**Material provided**
--------------------
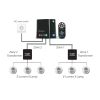 Emaux Color Touch box sa daljinskim + android WiFi (kod: 9110904)
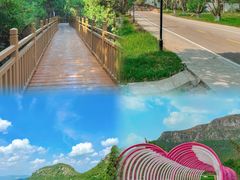 -白佛山景区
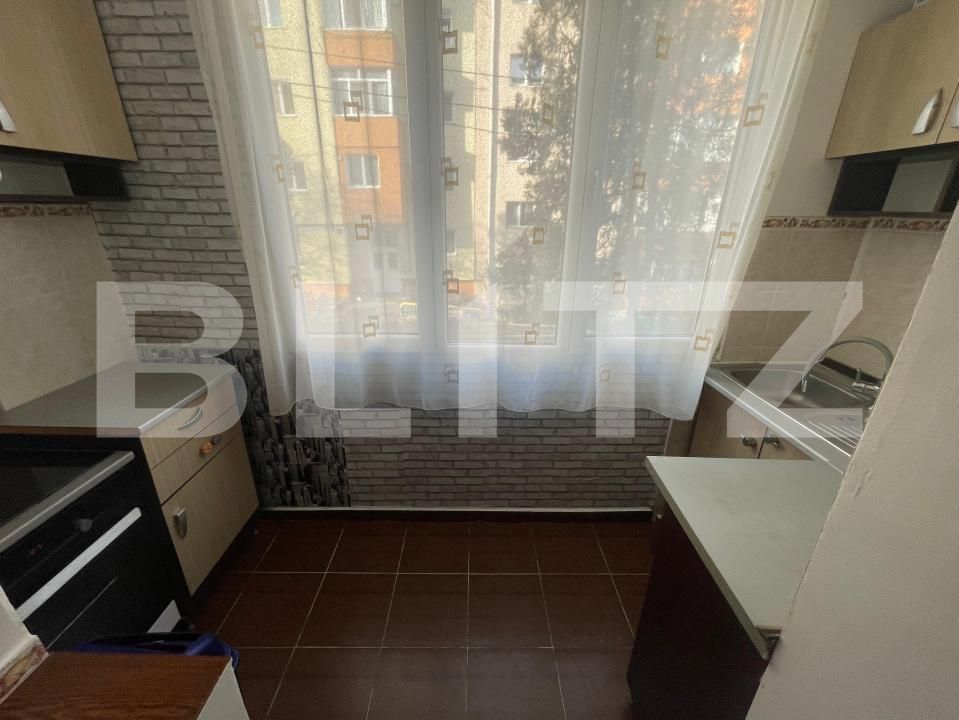 Apartament de închiriat 3 camere Dumbrava 2 - 184257AI | BLITZ Zalău | Poza8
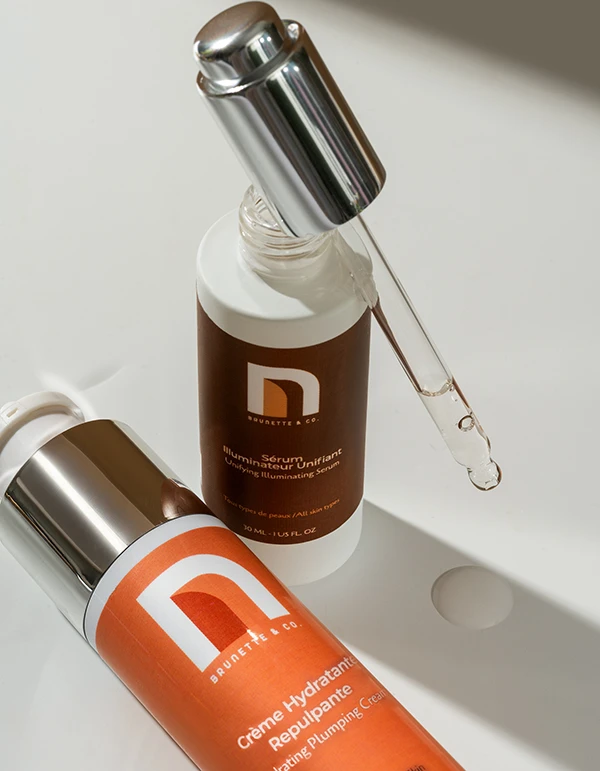 DARK SPOT BUNDLE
--------------------
**What is needed**
The answer must consist solely of the lines from the one with "Apartament de închiriat" through the final line of the data, each reproduced exactly and with pictures omitted.

**Reply to the exercise**
 Apartament de închiriat 3 camere Dumbrava 2 - 184257AI | BLITZ Zalău | Poza8
 DARK SPOT BUNDLE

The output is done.